Neuroimmunology Unit, Department of Clinical Neuroscience, Karolinska Institutet, Stockholm, Sweden Department of Surgical Sciences, Anaesthesiology/Pain research, Uppsala University, Uppsala, Sweden Department of Anaesthesiology, University of Tammerfors, Tampere, Finland Department of Clinical Science, Intervention and Technology (Surgery), Karolinska Institutet, Huddinge, Sweden National Institute of Occupational Health, Oslo, Norway Department of Molecular Biosciences, University of Oslo, Norway Department of Biomedical Laboratory Science, Faculty of Health and Society, Malmö University/Labmedicine Skåne, Clinical Chemistry, Malmö, Sweden Department of Pharmaceutical Biosciences, Uppsala University, Uppsala, Sweden Department of Anesthesiology and Intensive Care, Haukeland University Hospital, Bergen, Norway Department of Physical Medicine and Rehabilitation, Oslo University Hospital, Ullevaal, Norway.
Pain. 2013 Mar;154(3):427-433. doi: 10.1016/j.pain.2012.12.003. Epub 2012 Dec 13.
Neuropathic pain conditions are common after nerve injuries and are suggested to be regulated in part by genetic factors. We have previously demonstrated a strong genetic influence of the rat major histocompatibility complex on development of neuropathic pain behavior after peripheral nerve injury. In order to study if the corresponding human leukocyte antigen complex (HLA) also influences susceptibility to pain, we performed an association study in patients that had undergone surgery for inguinal hernia (n=189). One group had developed a chronic pain state following the surgical procedure, while the control group had undergone the same type of operation, without any persistent pain. HLA DRB1genotyping revealed a significantly increased proportion of patients in the pain group carrying DRB104 compared to patients in the pain-free group. Additional typing of the DQB1 gene further strengthened the association; carriers of the DQB103:02 allele together with DRB104 displayed an increased risk of postsurgery pain with an odds risk of 3.16 (1.61-6.22) compared to noncarriers.

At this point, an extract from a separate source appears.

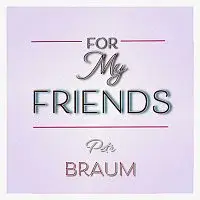 Petr Braum – For My Friends
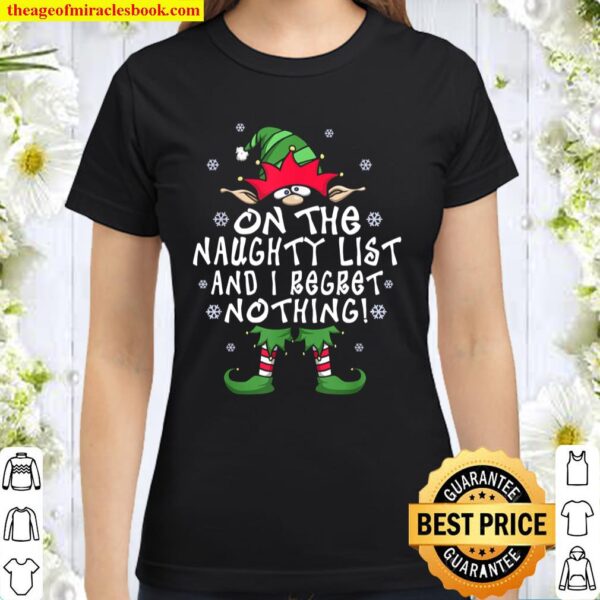 On The Naughty List And I Regret Nothing Elf Christmas Gift Classic Women T-Shirt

This finding was subsequently replicated in the clinical material of patients with lumbar disc herniation (n=258), where carriers of the DQB103:02 allele displayed a slower recovery and increased pain. In conclusion, we here for the first time demonstrate that there is an HLA-dependent risk of developing pain after surgery or lumbar disc herniation; mediated by the DRB104 - DQB103:02 haplotype. Further experimental and clinical studies are needed to fine-map the HLA effect and to address underlying mechanisms.

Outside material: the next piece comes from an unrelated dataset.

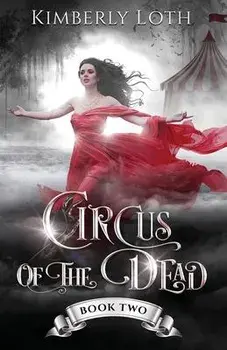 Circus of the Dead: Book 2, Paperback/Kimberly Loth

神经病理性疼痛是神经损伤后的常见病症,部分由遗传因素调控。我们之前的研究表明,大鼠主要组织相容性复合体对周围神经损伤后神经病理性疼痛行为的发展有很强的遗传影响。为了研究人类白细胞抗原复合体(HLA)是否也会影响疼痛易感性,我们对接受腹股沟疝手术的患者(n=189)进行了一项关联研究。一组患者在手术后出现慢性疼痛状态,而对照组患者接受了相同类型的手术,但没有持续疼痛。HLA-DRB1 基因分型显示,疼痛组携带 DRB104 的患者比例明显高于无疼痛组。对 DQB1 基因的进一步分型进一步加强了这种关联;携带 DQB103:02 等位基因和 DRB104 的患者与非携带者相比,手术后疼痛的风险增加,优势比为 3.16(1.61-6.22)。这一发现随后在腰椎间盘突出症患者的临床资料中得到了验证(n=258),其中携带 DQB103:02 等位基因的患者恢复较慢,疼痛增加。总之,我们首次证明 HLA 依赖性与手术后或腰椎间盘突出症后疼痛的发展风险有关;由 DRB104-DQB103:02 单体型介导。需要进一步的实验和临床研究来精细定位 HLA 效应并探讨潜在机制。